══ DATA SUPPLIED

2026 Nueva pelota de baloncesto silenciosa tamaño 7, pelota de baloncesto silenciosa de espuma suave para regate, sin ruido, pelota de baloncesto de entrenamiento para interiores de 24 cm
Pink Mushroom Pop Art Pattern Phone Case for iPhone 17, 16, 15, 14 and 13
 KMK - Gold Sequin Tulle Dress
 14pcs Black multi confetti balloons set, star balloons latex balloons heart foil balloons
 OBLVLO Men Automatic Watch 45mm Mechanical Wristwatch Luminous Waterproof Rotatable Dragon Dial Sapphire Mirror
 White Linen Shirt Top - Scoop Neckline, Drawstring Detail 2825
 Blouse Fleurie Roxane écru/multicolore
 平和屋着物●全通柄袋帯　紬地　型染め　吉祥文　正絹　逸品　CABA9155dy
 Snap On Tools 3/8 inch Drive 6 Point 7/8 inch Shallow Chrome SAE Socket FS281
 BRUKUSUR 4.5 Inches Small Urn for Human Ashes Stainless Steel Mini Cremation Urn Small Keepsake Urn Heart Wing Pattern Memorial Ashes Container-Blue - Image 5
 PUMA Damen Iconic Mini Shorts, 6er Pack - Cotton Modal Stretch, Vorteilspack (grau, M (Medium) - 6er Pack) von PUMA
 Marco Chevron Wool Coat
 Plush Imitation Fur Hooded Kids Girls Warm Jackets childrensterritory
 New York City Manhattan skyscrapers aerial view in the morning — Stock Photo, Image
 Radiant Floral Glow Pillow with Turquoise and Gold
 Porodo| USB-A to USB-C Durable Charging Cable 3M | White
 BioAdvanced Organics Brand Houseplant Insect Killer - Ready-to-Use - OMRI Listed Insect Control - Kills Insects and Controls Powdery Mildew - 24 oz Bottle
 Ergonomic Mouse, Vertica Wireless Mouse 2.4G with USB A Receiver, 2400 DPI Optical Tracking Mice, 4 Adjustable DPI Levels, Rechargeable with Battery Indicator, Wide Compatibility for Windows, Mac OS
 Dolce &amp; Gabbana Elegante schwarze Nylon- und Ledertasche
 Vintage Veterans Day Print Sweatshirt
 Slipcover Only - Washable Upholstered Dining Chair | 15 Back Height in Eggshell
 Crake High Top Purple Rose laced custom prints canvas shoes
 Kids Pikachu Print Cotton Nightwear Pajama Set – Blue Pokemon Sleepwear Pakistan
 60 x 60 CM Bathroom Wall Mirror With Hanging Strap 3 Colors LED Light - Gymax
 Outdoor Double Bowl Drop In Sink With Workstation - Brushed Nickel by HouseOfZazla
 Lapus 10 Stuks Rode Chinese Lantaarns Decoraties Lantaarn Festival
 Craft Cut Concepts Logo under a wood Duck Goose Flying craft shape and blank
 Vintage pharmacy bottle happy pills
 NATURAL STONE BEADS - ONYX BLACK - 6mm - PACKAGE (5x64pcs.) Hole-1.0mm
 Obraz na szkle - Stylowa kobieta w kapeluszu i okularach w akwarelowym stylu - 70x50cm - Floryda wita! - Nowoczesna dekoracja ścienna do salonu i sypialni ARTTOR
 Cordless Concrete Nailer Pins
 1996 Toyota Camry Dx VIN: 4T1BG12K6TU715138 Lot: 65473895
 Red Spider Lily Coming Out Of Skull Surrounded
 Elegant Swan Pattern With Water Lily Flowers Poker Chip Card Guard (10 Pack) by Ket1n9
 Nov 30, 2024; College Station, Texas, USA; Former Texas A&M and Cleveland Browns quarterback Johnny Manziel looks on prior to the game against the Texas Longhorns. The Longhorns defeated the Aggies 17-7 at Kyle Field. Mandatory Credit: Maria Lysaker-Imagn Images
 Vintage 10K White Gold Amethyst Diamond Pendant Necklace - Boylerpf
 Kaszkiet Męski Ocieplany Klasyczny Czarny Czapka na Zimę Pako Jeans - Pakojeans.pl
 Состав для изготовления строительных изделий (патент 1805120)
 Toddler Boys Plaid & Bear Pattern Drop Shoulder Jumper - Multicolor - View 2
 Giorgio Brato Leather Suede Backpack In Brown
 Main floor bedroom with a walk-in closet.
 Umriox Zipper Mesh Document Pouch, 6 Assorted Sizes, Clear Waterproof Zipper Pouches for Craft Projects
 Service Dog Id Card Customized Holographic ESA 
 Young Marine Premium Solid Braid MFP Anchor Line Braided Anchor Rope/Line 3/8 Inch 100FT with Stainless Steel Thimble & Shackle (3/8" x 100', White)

════

YOUR INSTRUCTIONS:
Every line of the listing that includes "Card" must be shown.

WRITTEN RESPONSE:
 Elegant Swan Pattern With Water Lily Flowers Poker Chip Card Guard (10 Pack) by Ket1n9
 Service Dog Id Card Customized Holographic ESA 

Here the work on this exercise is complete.